## WORK ORDER
Would you transcribe the records below from the line with "Błękitny autobus firmy" to the line with "Professional movers handling", ends included, exactly and with nothing more, leaving the pictures out?

## SOURCE MATERIAL
Content starts
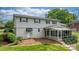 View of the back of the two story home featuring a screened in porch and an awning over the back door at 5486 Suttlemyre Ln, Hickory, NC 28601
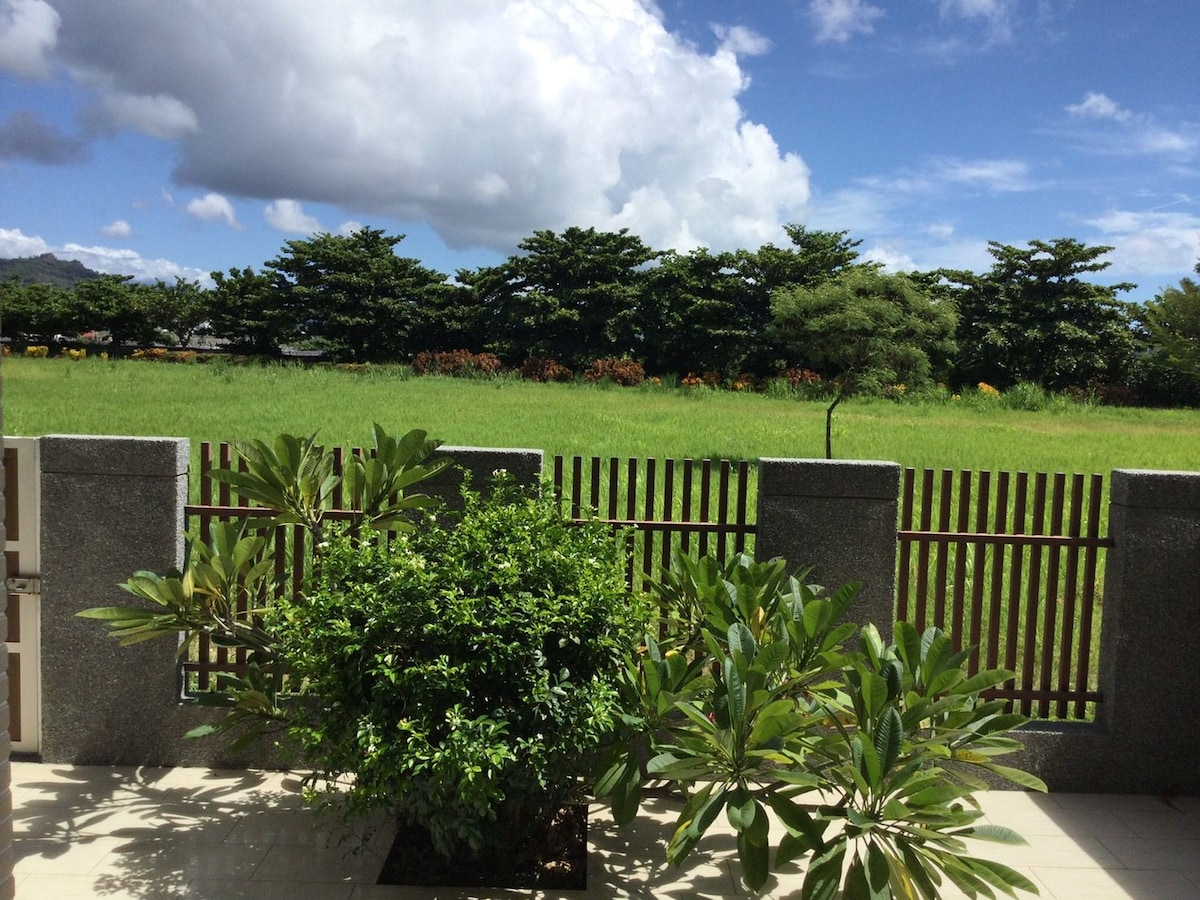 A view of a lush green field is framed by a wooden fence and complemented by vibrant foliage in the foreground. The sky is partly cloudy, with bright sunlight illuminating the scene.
Content ends
Content starts
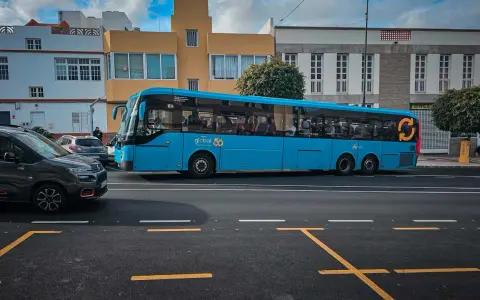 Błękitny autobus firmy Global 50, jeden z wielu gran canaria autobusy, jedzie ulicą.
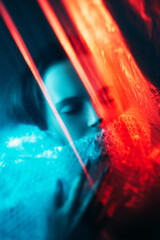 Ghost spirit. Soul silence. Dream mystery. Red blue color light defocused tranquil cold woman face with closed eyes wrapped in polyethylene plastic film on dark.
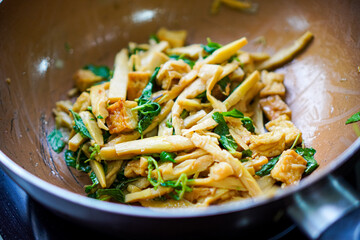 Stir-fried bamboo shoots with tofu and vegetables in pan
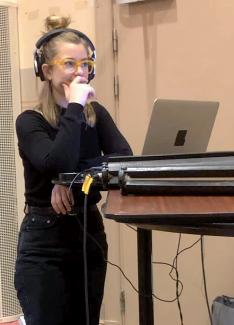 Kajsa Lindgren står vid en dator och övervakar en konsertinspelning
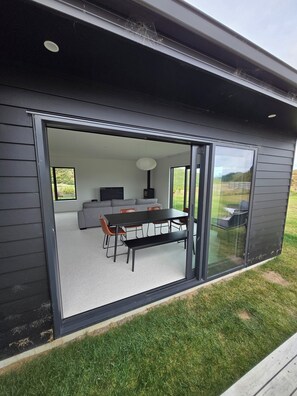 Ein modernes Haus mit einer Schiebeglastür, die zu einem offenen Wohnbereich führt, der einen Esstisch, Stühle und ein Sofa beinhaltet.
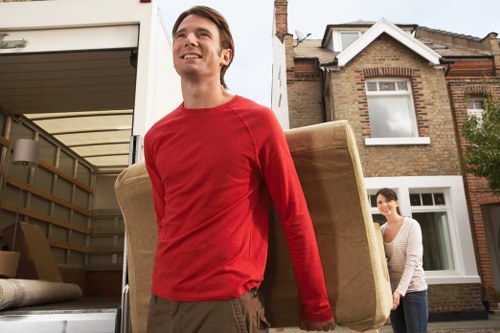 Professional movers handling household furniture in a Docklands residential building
Content ends
## REPLY TO THE EXERCISE
 Błękitny autobus firmy Global 50, jeden z wielu gran canaria autobusy, jedzie ulicą.
 Ghost spirit. Soul silence. Dream mystery. Red blue color light defocused tranquil cold woman face with closed eyes wrapped in polyethylene plastic film on dark.
 Stir-fried bamboo shoots with tofu and vegetables in pan
 Kajsa Lindgren står vid en dator och övervakar en konsertinspelning
 Ein modernes Haus mit einer Schiebeglastür, die zu einem offenen Wohnbereich führt, der einen Esstisch, Stühle und ein Sofa beinhaltet.
 Professional movers handling household furniture in a Docklands residential building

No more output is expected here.